— SUPPLIED DATA —
+++
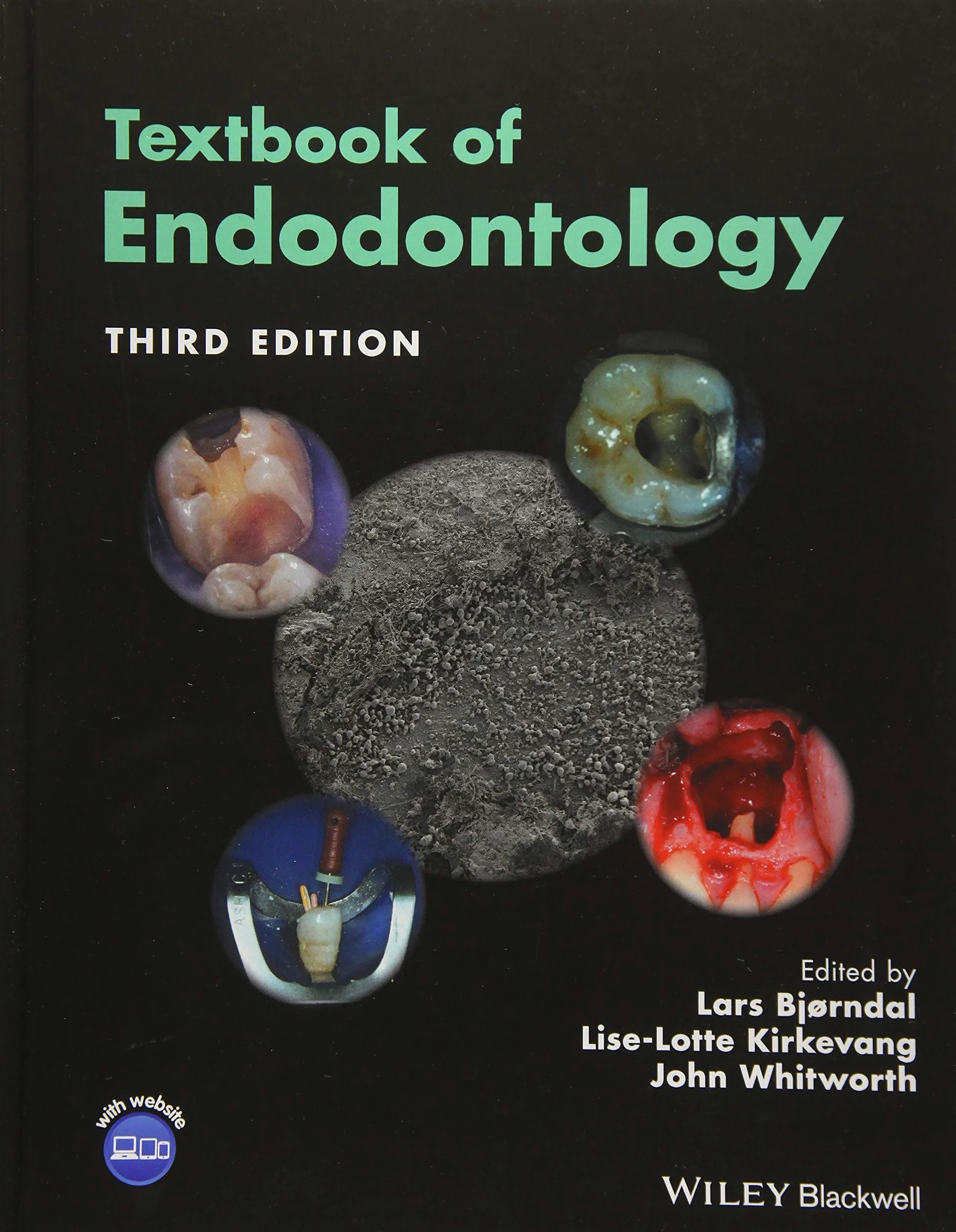 Textbook of Endodontology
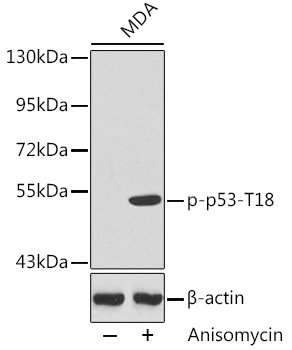 Phospho-p53-T18 Rabbit pAb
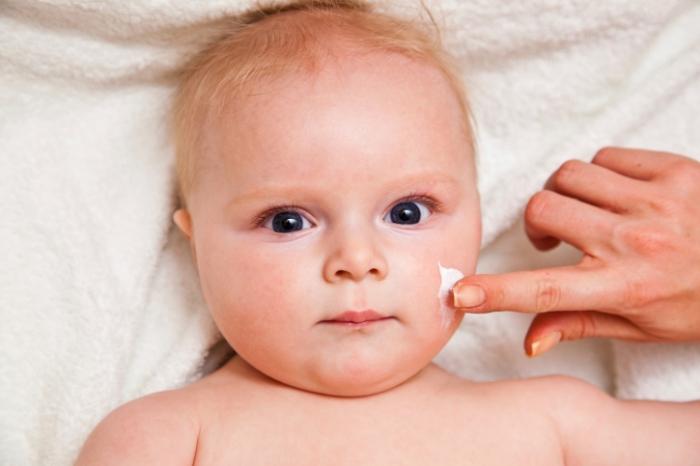 How is the treatment of atopic dermatitis in a child?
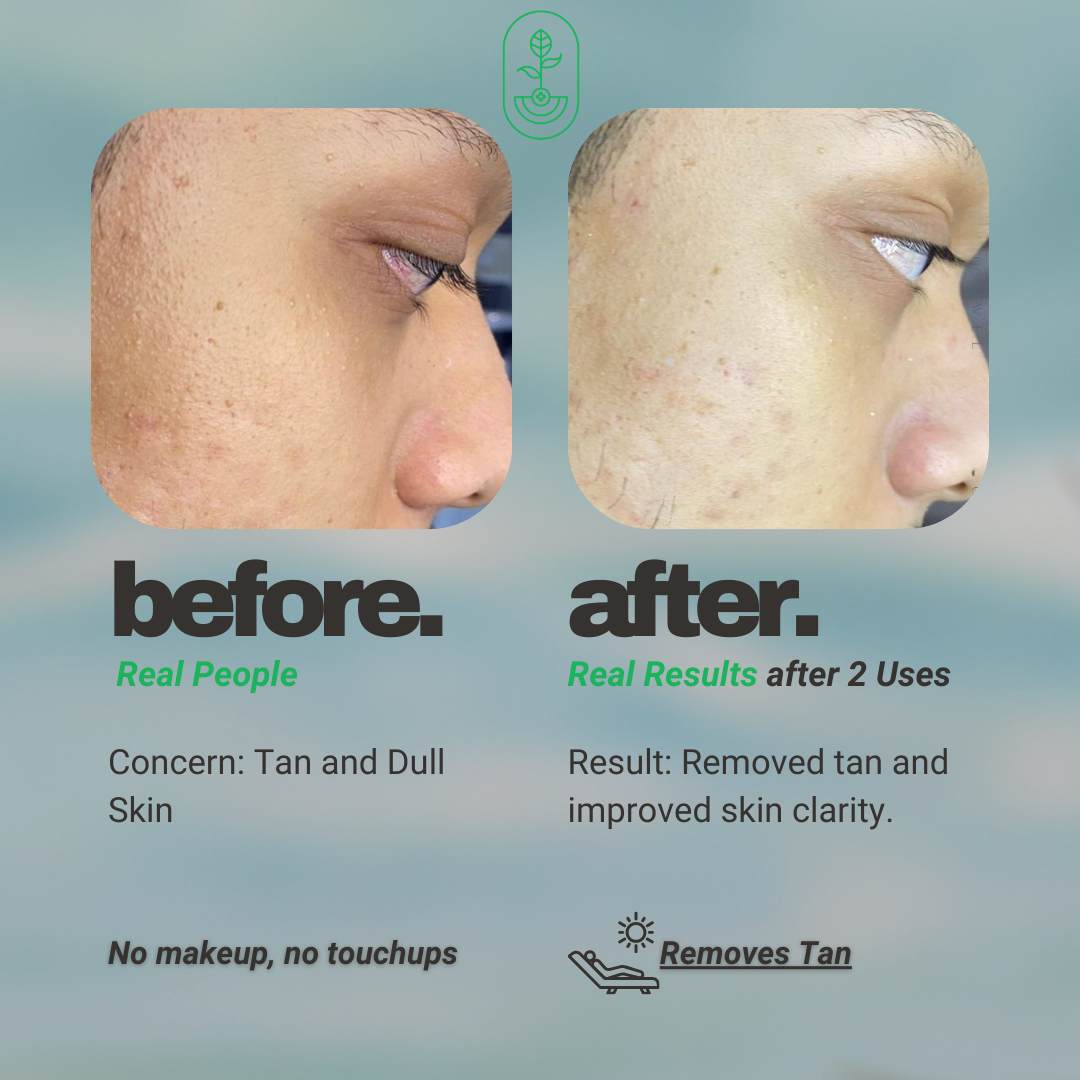 Before and after image showing the results of using Otanics De-Tan Face Pack. The left side shows the 'before' image with visible tan and dull skin, while the right side shows the 'after' image, showcasing removed tan and improved skin clarity after just 2 uses. Both images highlight that no makeup or touchups were used. Text emphasizes the skin concern and the product's effectiveness in removing tan and improving skin clarity.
+++
Copy word for word each line of the data above, from the first through the one containing "How is the treatment", and include no pictures.

 Textbook of Endodontology
 Phospho-p53-T18 Rabbit pAb
 How is the treatment of atopic dermatitis in a child?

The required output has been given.